**Exercise instructions**: When you transcribe the entries, reproduce every character and exclude the images.

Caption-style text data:

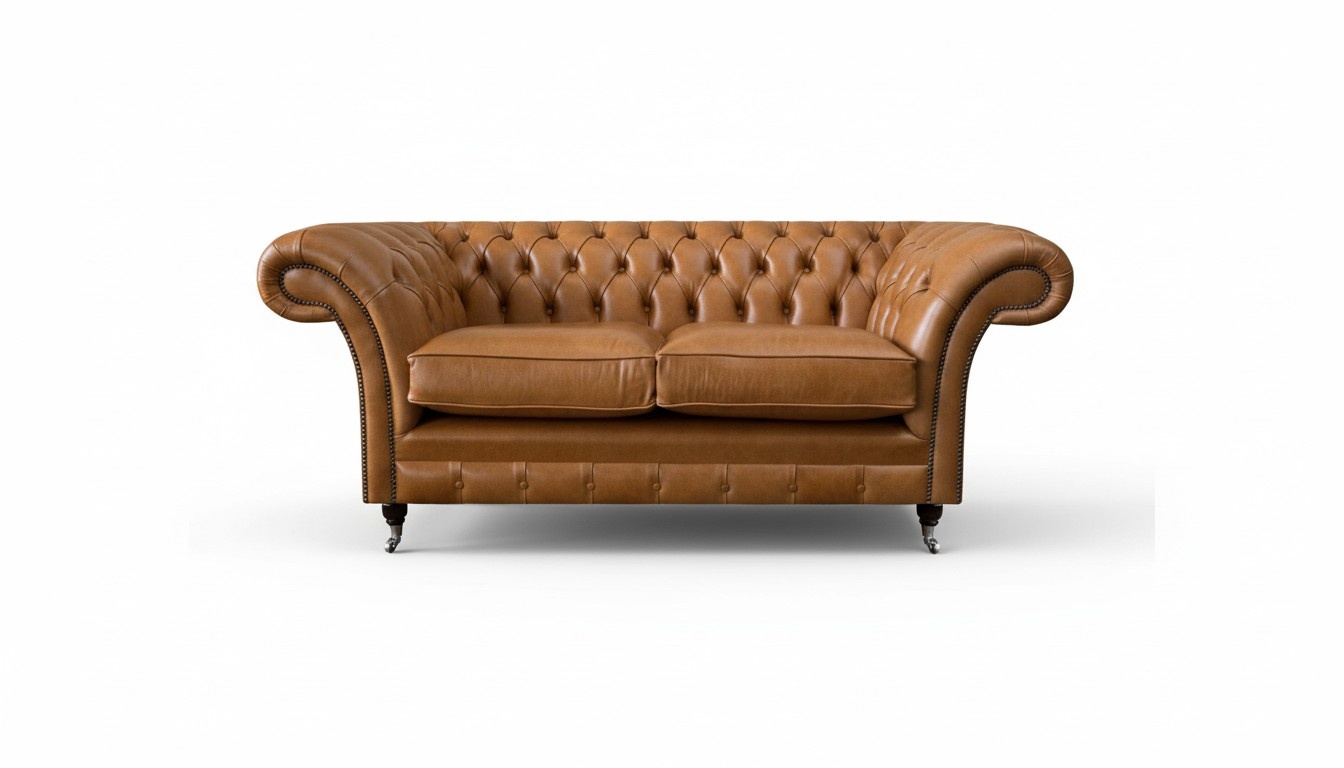 Braun Chesterfield Zweisitzer Sofa Couch Wohnzimmer Luxuriöse Möbel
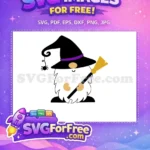 Free Halloween Witch Gnome Free Spider Broomstick Fall Free SVG - Instant Download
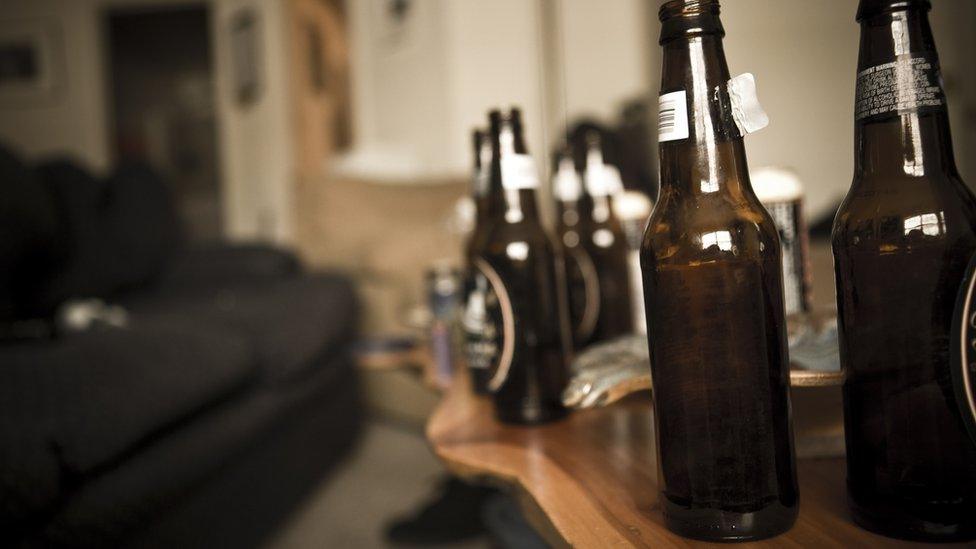 Empty beer bottles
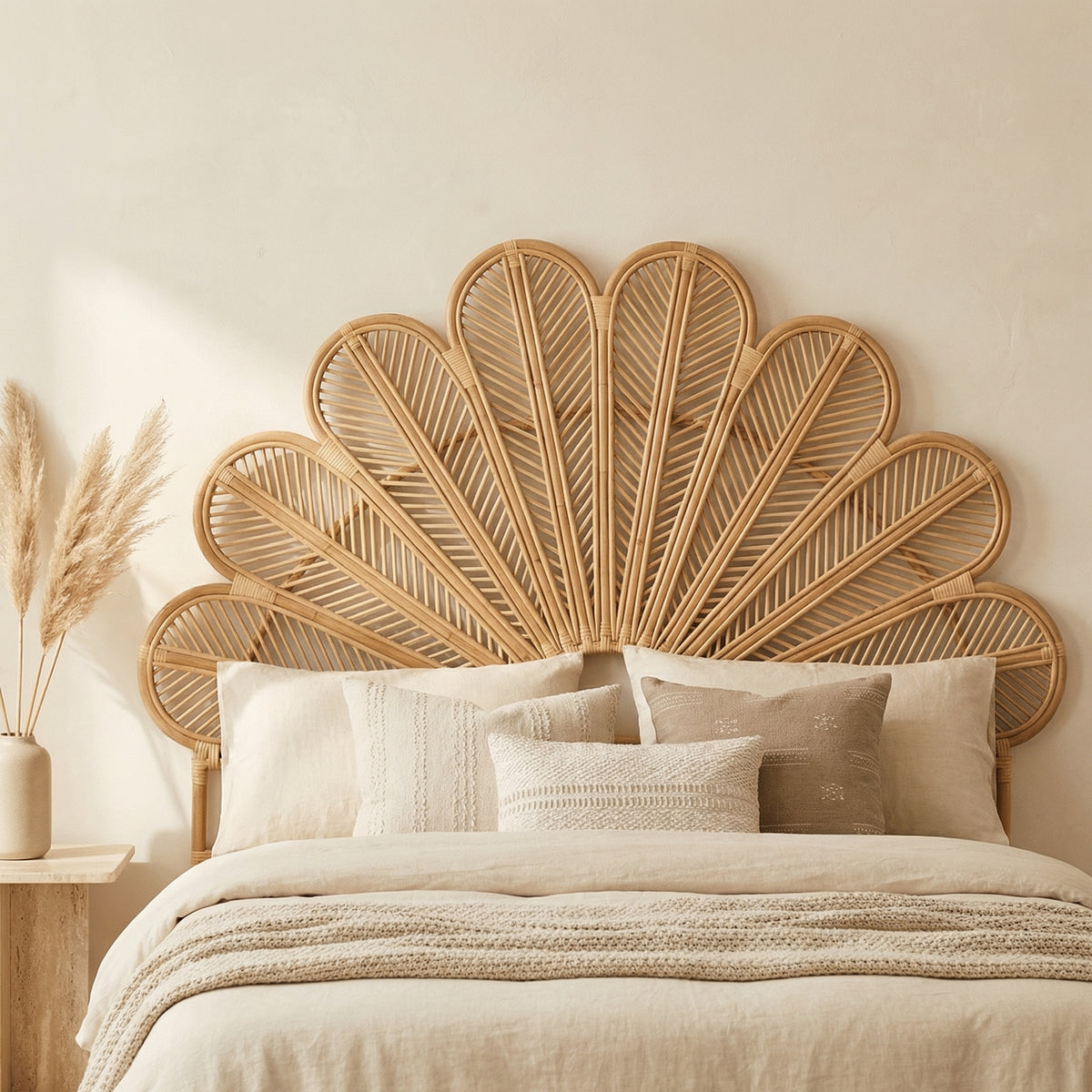 Wicker Headboard with Floral Pattern Handmade Woven Design-Furniture > Headboards-casanuva-casanuva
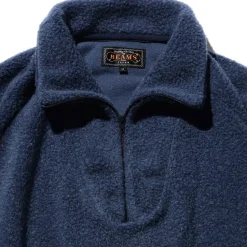 Homme BEAMS Mailles-Plus - Pull Zip - Bleu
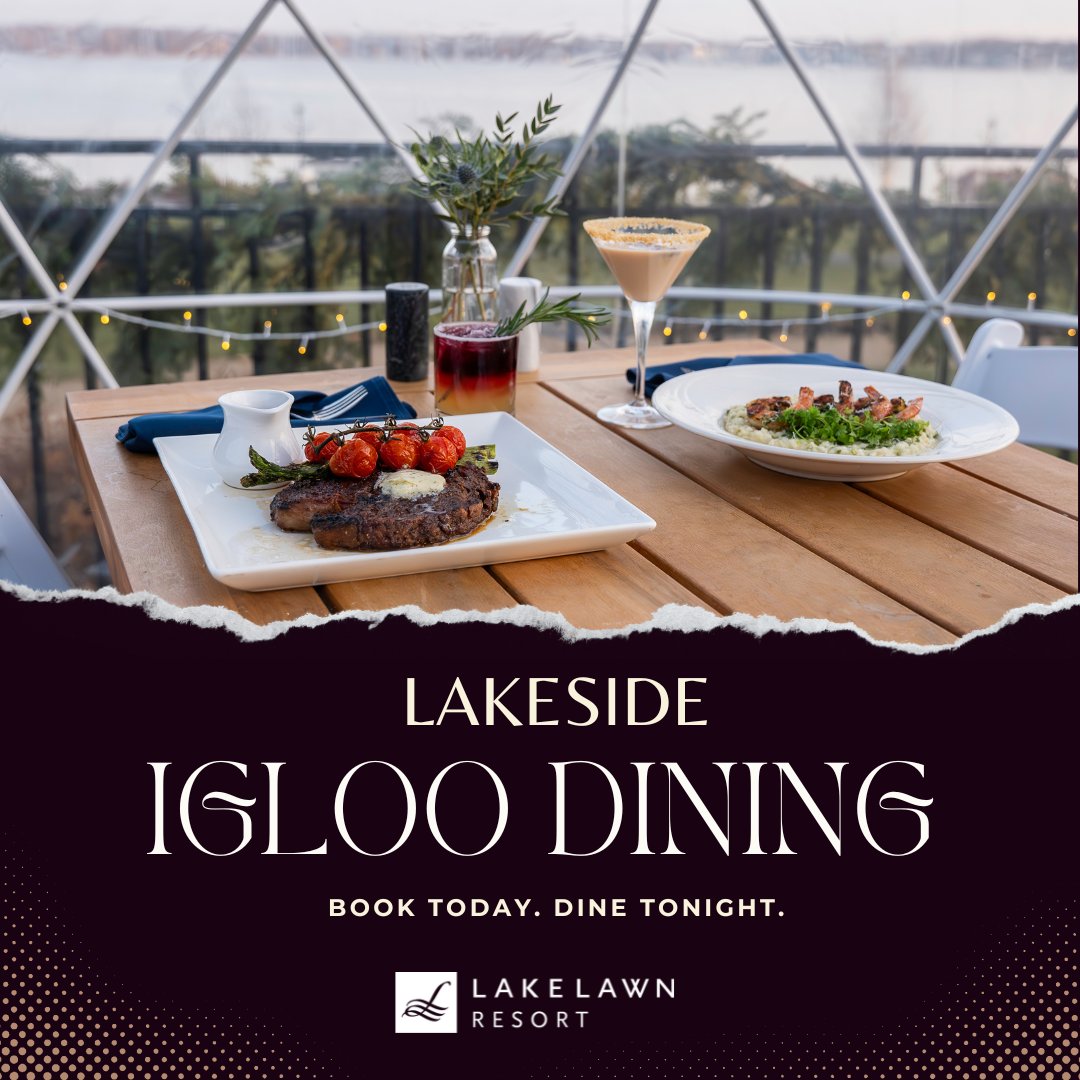 LakeLawnResort's tweet image. Savor seasonal drinks and appetizers while nestled in the warmth of a glowing igloo overlooking Delavan Lake. Perfect for a post-shopping outing or a romantic date night.

Book your igloo experience today! bit.ly/3rD7sCk

#LakeLawnResort #WinterDining #IglooExperience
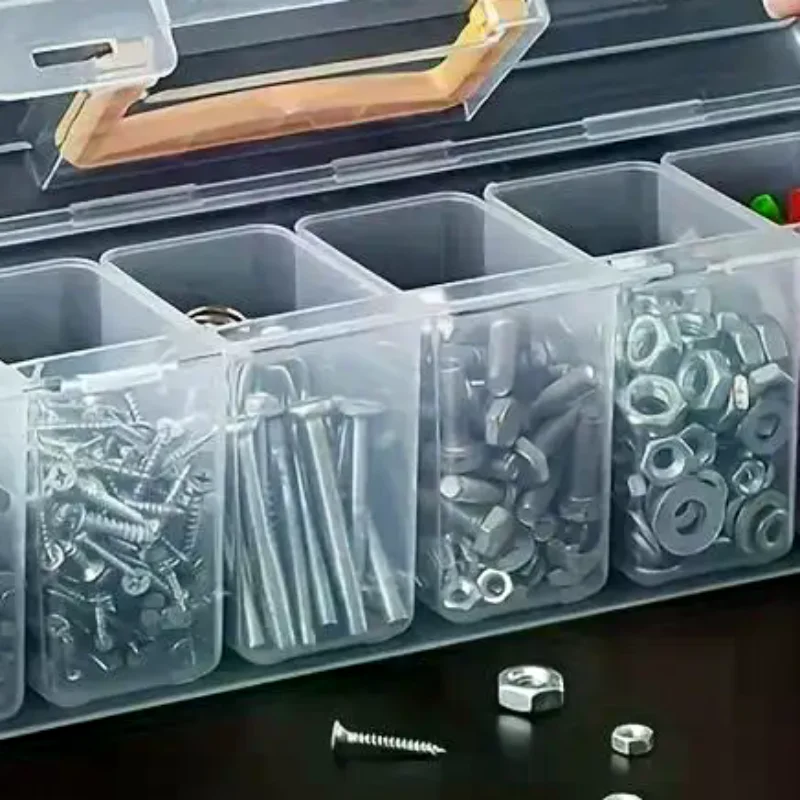 

Professional 7-Piece Tool Organizer Set,Transparent Parts Storage With Dividers-Portable Case For Screws,Wrenches & DIY Hardware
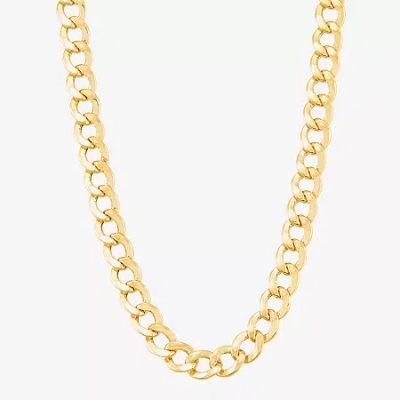 Fine Jewelry Bonded Brilliance Womens 14k Gold Over Silver 22 Inch Link Chain Necklace In Yellow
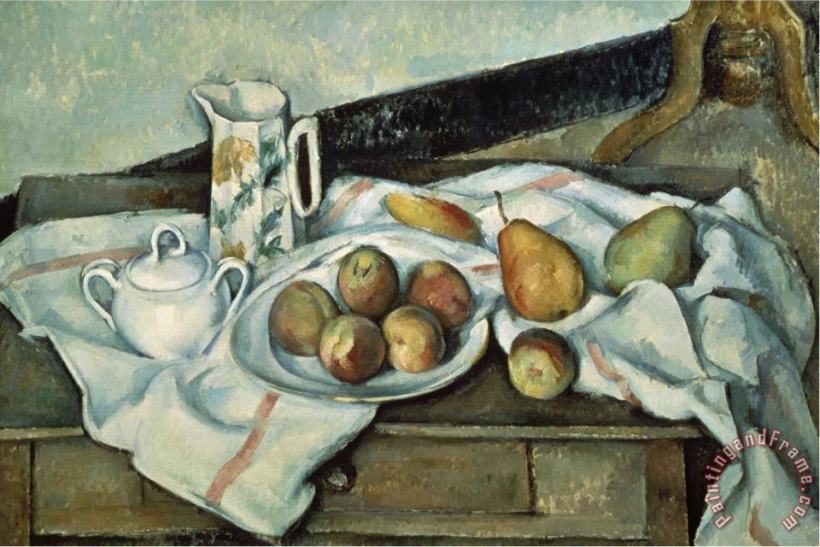 Peaches And Pears painting - Paul Cezanne Peaches And Pears Art Print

**Task response**:
 Braun Chesterfield Zweisitzer Sofa Couch Wohnzimmer Luxuriöse Möbel
 Free Halloween Witch Gnome Free Spider Broomstick Fall Free SVG - Instant Download
 Empty beer bottles
 Wicker Headboard with Floral Pattern Handmade Woven Design-Furniture > Headboards-casanuva-casanuva
 Homme BEAMS Mailles-Plus - Pull Zip - Bleu
 LakeLawnResort's tweet image. Savor seasonal drinks and appetizers while nestled in the warmth of a glowing igloo overlooking Delavan Lake. Perfect for a post-shopping outing or a romantic date night.

Book your igloo experience today! bit.ly/3rD7sCk

#LakeLawnResort #WinterDining #IglooExperience

Professional 7-Piece Tool Organizer Set,Transparent Parts Storage With Dividers-Portable Case For Screws,Wrenches & DIY Hardware
 Fine Jewelry Bonded Brilliance Womens 14k Gold Over Silver 22 Inch Link Chain Necklace In Yellow
 Peaches And Pears painting - Paul Cezanne Peaches And Pears Art Print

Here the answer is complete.